= Irish American Heritage Museum =

The Irish American Heritage Museum is a museum in Albany, New York. The museum describes their educational mission as "To preserve and tell the story of the contributions of the Irish people and their culture in America, inspiring individuals to examine the importance of their own heritage as part of the American cultural mosaic."

==History==
The museum was organized in 1986 by the New York State American-Irish Legislators Society and was initially financed by the State Natural Heritage Trust, the State Council on the Arts, and numerous private donations.

The first physical location opened on June 16, 1990, on the grounds of the Michael J. Quill Irish Cultural and Sports Centre in East Durham, New York.

In 1992, the museum was permanently chartered by the Board of Regents of the State of New York as a 501(c)(3) non-profit organization.

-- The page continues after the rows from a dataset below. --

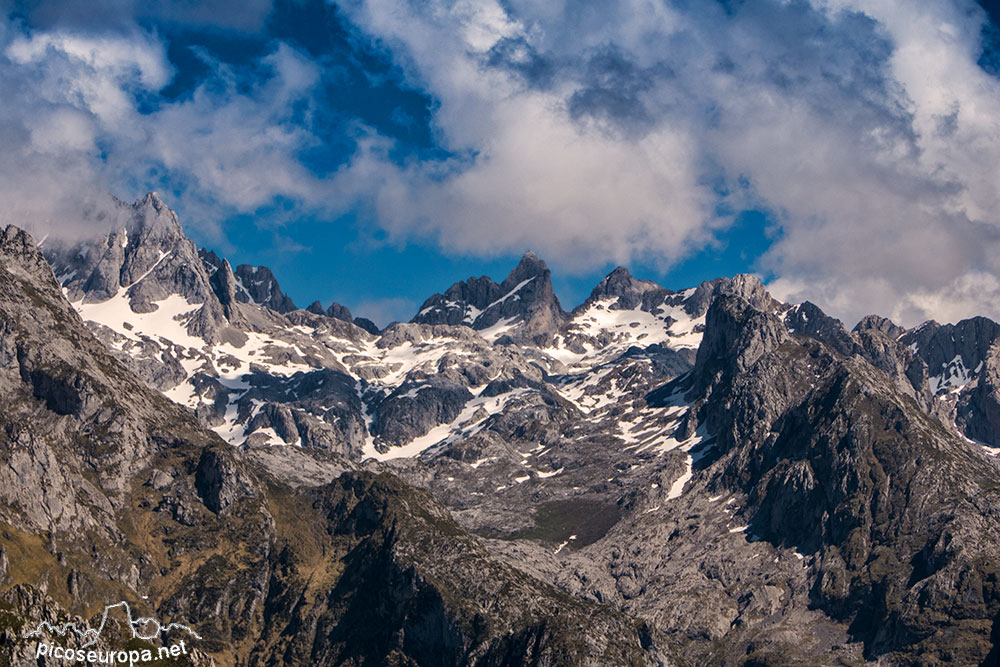 Torrezuela y Llastrales desde proximidades Collado Angón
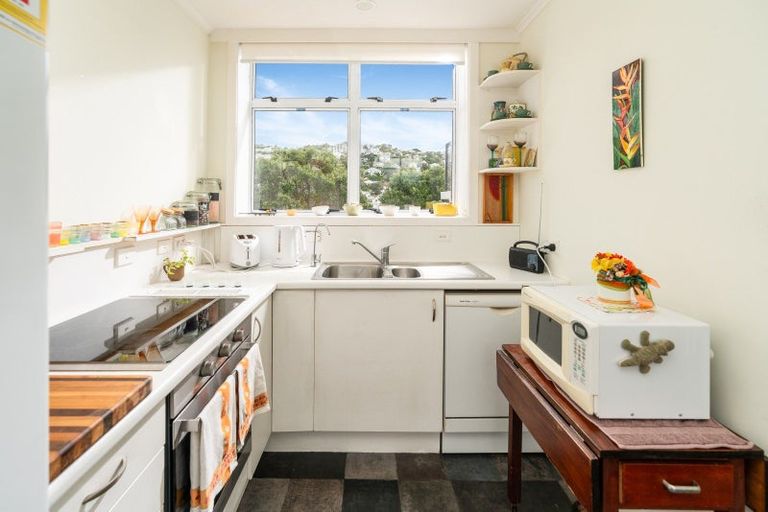 Photo of property in Harbour View Apartments, 147 Ohiro Road, Brooklyn, Wellington, 6021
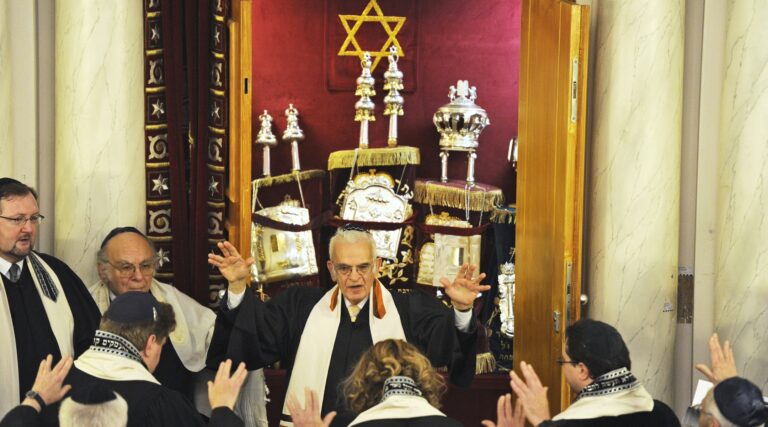 Walter Jacob, rabbin de Pittsburgh qui a contribué à relancer le judaïsme réformé en Allemagne, est décédé à 94 ans. Un message de notre PDG et éditrice Rachel Fishman Feddersen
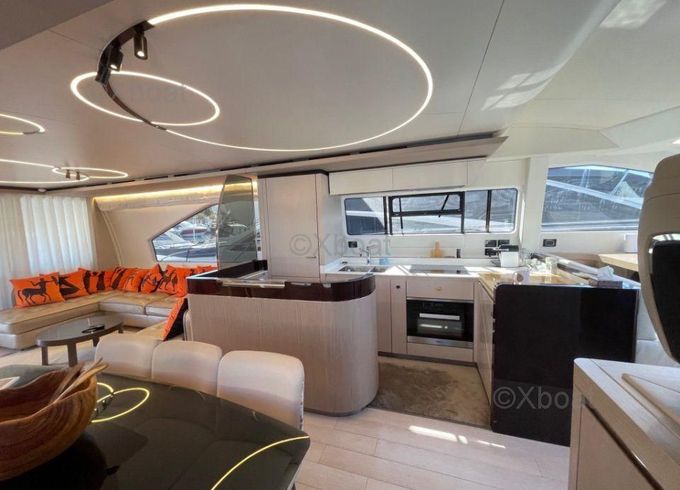 Azimut 72 Fly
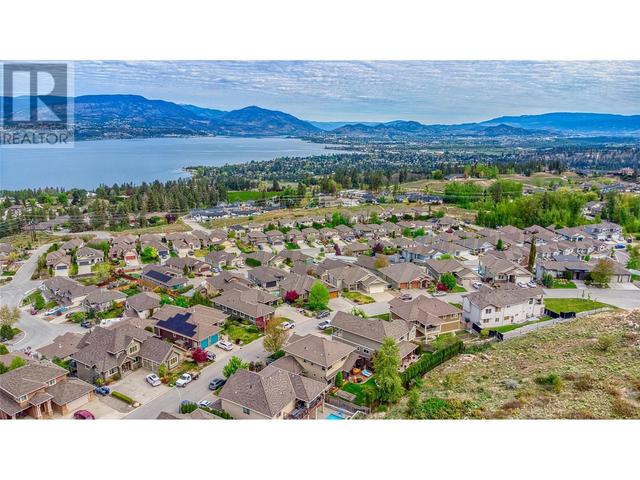 5254 Cobble Cres, House detached with 4 bedrooms, 4 bathrooms and 2 parking in Kelowna BC | Image 12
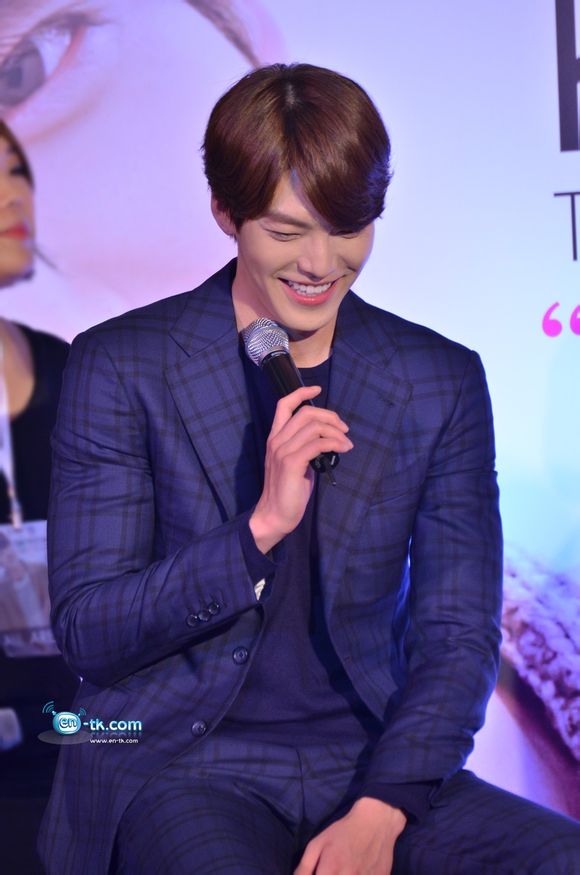 Kim Woo Bin thích thú vì được tặng áo "hoa lá sặc sỡ" 18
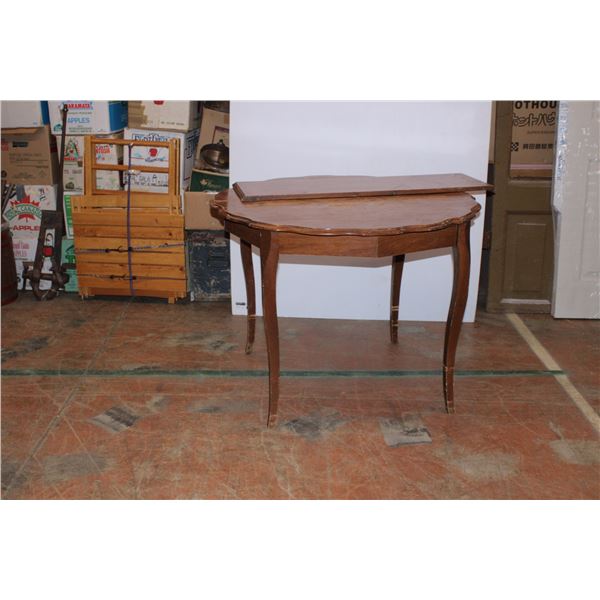 *Wood Round Table 51X30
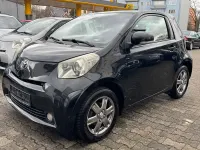Używany Toyota iQ 68 KM (50 kW) 2009 Czarny Hatchback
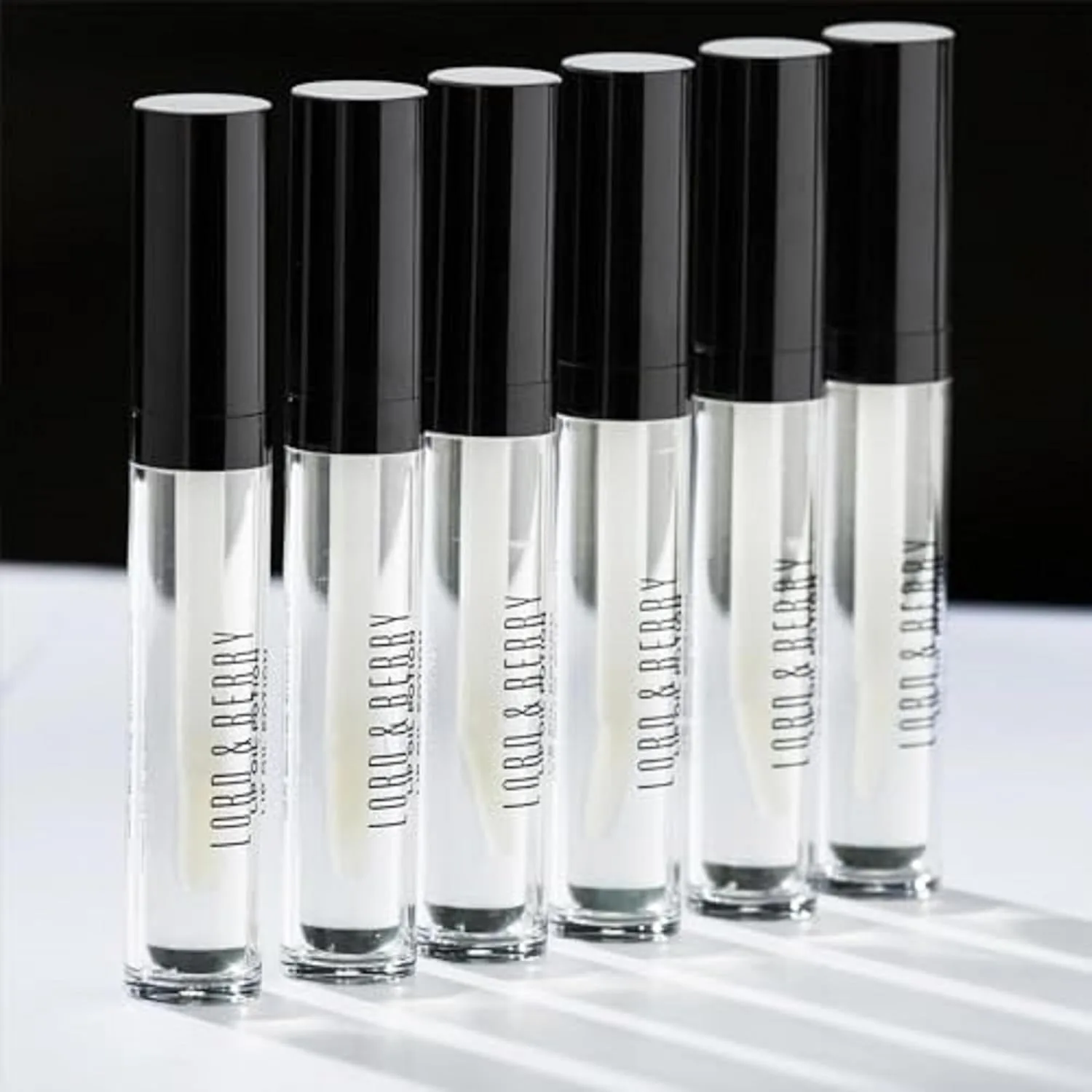 Lord & Berry Lip Oil Potion Advanced Fluid Lip Treatment - Прозрачное масло для губ - Снимает сухость, улучшает текстуру губ - 1612 Прозрачное - 0,24 унции — фото 4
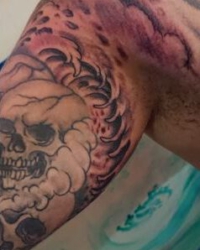 Tattoo mit Totenkopf und Wasser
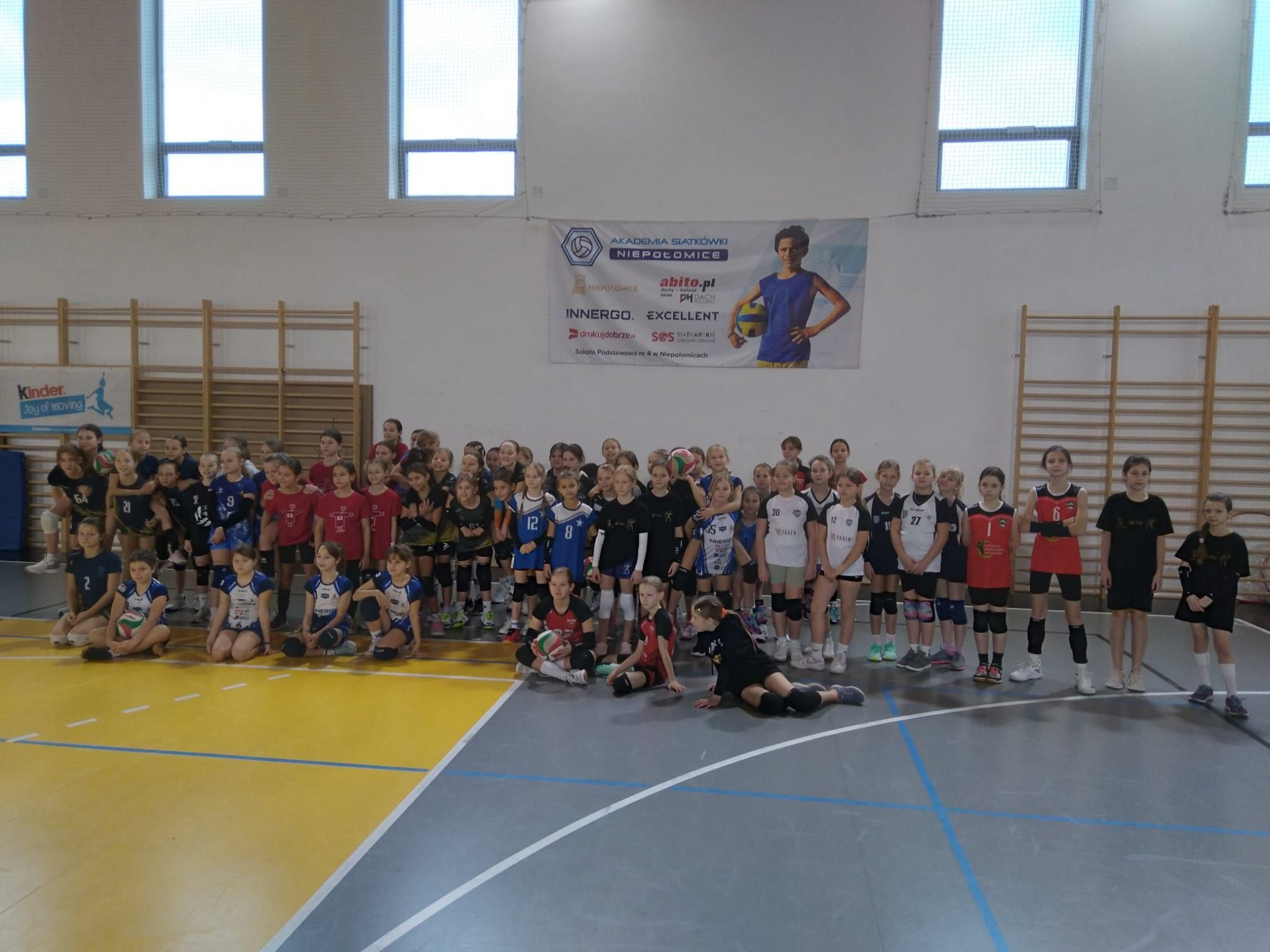 Akademia Siatkówki Niepołomice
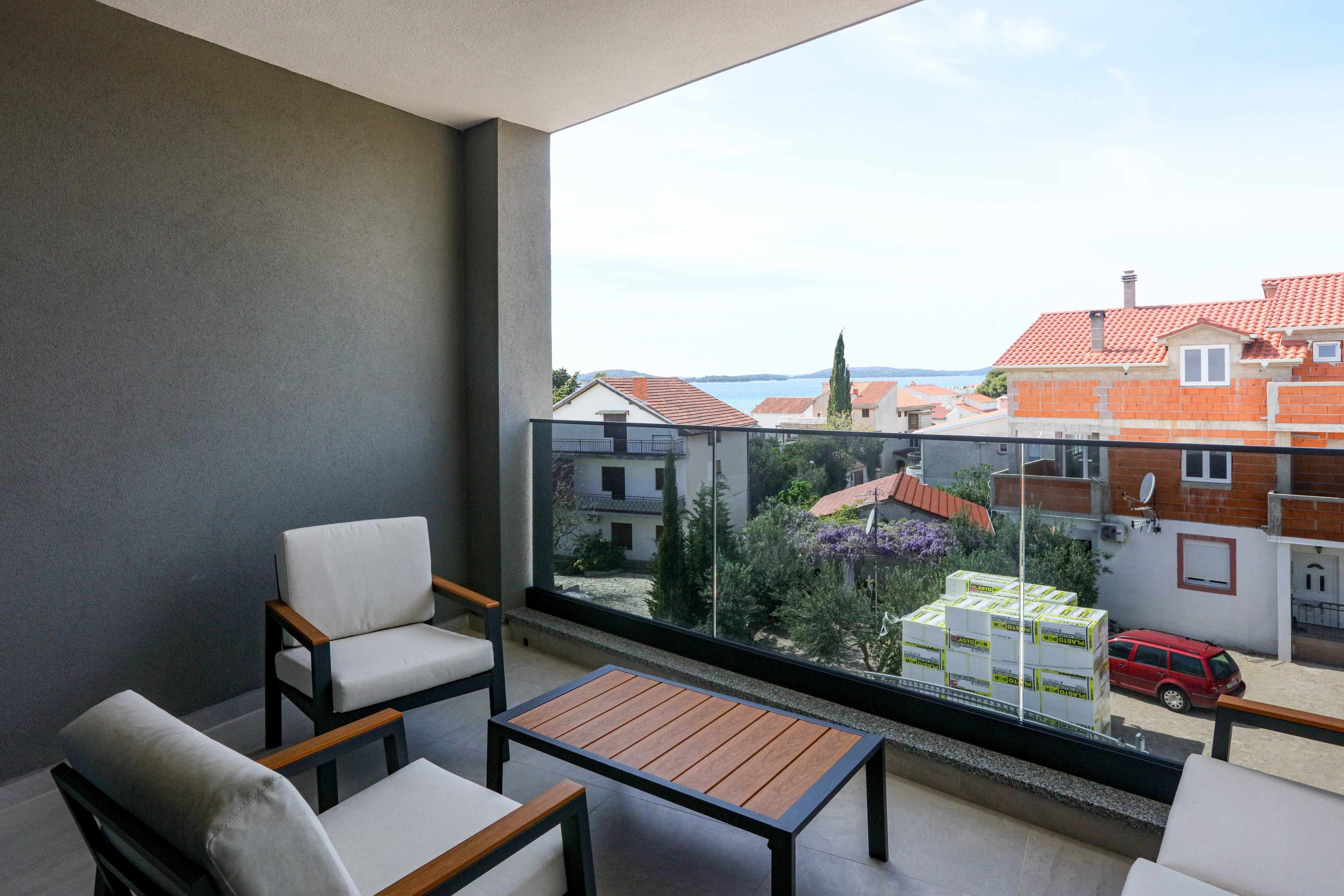 2-Zimmer-Ferienwohnung mit Balkon und Meerblick Zaboric, Sibenik A-253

In an effort to increase visitor traffic, the museum was relocated to downtown Albany in 2012. The 3,250 square foot space opened on January 17, 2012, and includes the Paul O'Dwyer Library and the Ancient Order of Hibernians' archives.

==Exhibits==
Exhibits at the museum have included: "Irish in the Civil War", which looked at Irish-Americans in the American Civil War; "The Irish and the Erie Canal", which highlighted the contributions of the Irish in all phases of the Erie Canal construction; and "Dublin: Then and Now", which included photographs of the streets of Dublin in the late 1950s and early 1960s.

==Visiting the Museum==
The museum is currently a member of The North American Reciprocal
Museum (NARM) Association.

The Irish American Heritage Museum is located at 21 Quackenbush Square in downtown Albany. Parking is available on the street and in parking lots behind the museum. The museum is open Wednesday, Thursday and Friday from 11 am to 4 pm, Saturday and Sunday from 12 noon to 4 pm, and closed on Monday and Tuesday.